Discussion in 'Community Discussion' started by CompUser, Jul 9, 2006.

  1. CompUser Guest

    Ok, I know I rant here a lot, but its the only place I feel comfortable ranting mostly because I don't really know anyone here.

    I am sick and tired of being the only person doing anything at my house. I can clean the pool, mow the lawn (its 2 acres of grass), snow blow the driveway, put away clean dishes from the dishwasher. My mom vacuums and does the laundry (she does not work). My sister (19 years old, older than me) does nothing and my dad only does maintenance. I always have to walk my dog that I don't think even likes me.

    My parents always yell at me to do stuff like go do things for them but never my sister. My sister tells me to do all sorts of things and I say no and my parents then yell at me to do it.
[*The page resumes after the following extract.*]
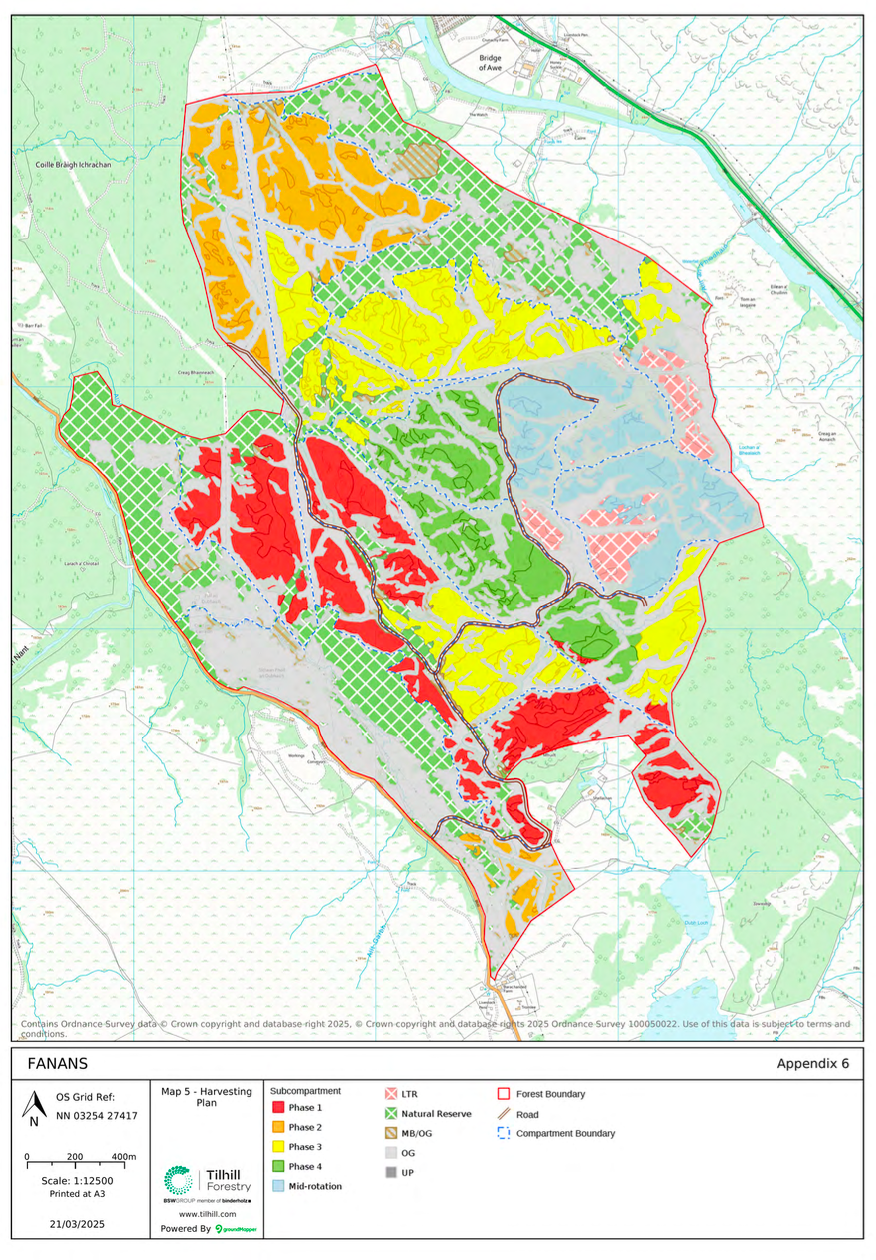 Fanans LTFP - Consultation Request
    If anything ever happens its my fault- if there dirt somewhere in the house, if something is eaten, or if something breaks it is always my fault. (even if I am not home). Just a few days ago I was accused of "changing all the settings" on my dads blackberry when I didn't even touch it and that it was "broken" and it was "no longer usable".

    Oh yea- yesterday I was yelled at to mow the lawn with the tractor and to trim with the push mower so I did. Then today my dad yelled at me that I didn't trim anything when in fact I did every part of the lawn that requires trimming.
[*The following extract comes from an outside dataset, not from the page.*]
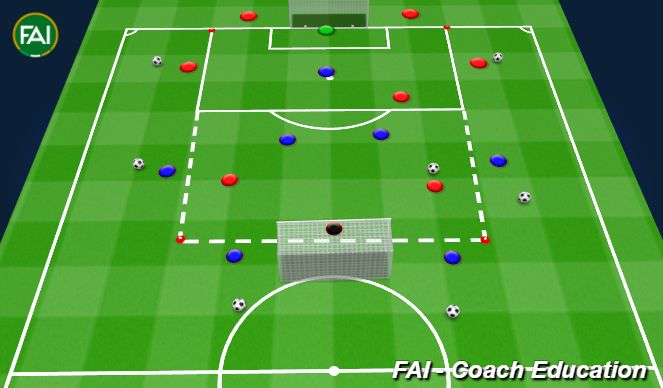 Football/Soccer Session Plan Drill (Colour): 4v4 + 4 + 4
    I am sick and tired of being the b**** if you will of my family. I might be sounding like a housewife but my mom doesn't do crap around our house yet she claims she is the only person that ever does anything. All she does other than laundry and vacuuming a couple times a week is sit around and watch TV, go to the gym, and go shopping.
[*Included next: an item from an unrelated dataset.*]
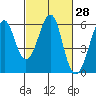 Hunters Point tide chart for Sunday, February 28, 2021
    They never listen to me either. If I am trying to tell them something at dinner either my mom, dad , or sister will just start talking about some other thing in the middle of me talking. Plus my dad always mocks me. Two days ago we got back from vacation so there was no food in the house so we went out to dinner. Last night they decided to go to a party and my sister went out with her BF. So my parents come home at like 9:00 and I ask what I was supposed to eat for dinner (there was literally nothing). My mom says "Oh yea I forgot". In fact, for like the past few months my mom has just forgotten to cook dinner because my dads on a trip and my sister is at college or with friends and my mom wants to be skinny so she'll eat a salad or she says she ate lunch at 3:00 so she's not hungry. She also never wants me to do anything with my friends because "she is too tired to drive me" or "its to late" (when it is like 6:00pm). My sister always makes snide comments about my hair or appearance.

    I am really tired of this! Honestly, I don't think they even like me. Its not like I am mean to them.
  2. WildCowboy Administrator/Editor


    Staff Member

    Jan 20, 2005
    You need to sit down and have a heart-to-heart talk with your parents and share what you've just written. Looking back to when I was a teenager, I would have thought it was ridiculous a suggestion. But now I see how valuable communication like that is.

    Yes, it will be uncomfortable for you. But keeping things bottled up is a lot more uncomfortable in the long run.
  3. sushi Moderator emeritus


    Jul 19, 2002
    Good advice.

    To the OP, please realize that you are a lucky person and be thankful for what you and your family have.
  4. Kwyjibo macrumors 68040


    Nov 5, 2002
    everybody has to learn how to be independent at some point, you just get to do it very early.

    The situation sucks, but well I don't think you can honestly do much about it except get used to it. I mean I hope they do, I just don't necessarily expect it.

    There's one thing I think the majority of parents do not understand. Being unreasonable is going to cause more problems than it solves. I don't think they realize that kids learn things and create shortcuts around problems. Two examples.

    Me and my good friend during high school. Our parents thought we hung out nearly everyday. Why was this? Its easier to say your hanging out with a person they sort of know, fewer questions. If I had a date it was the same story, fewer lectures and just overall simple for me. Eventually I don't even think I skipped a beat and they never question things when they fall into a pattern. My friend did the same thing. But basically my parents being nosy, leads them to know even less about me.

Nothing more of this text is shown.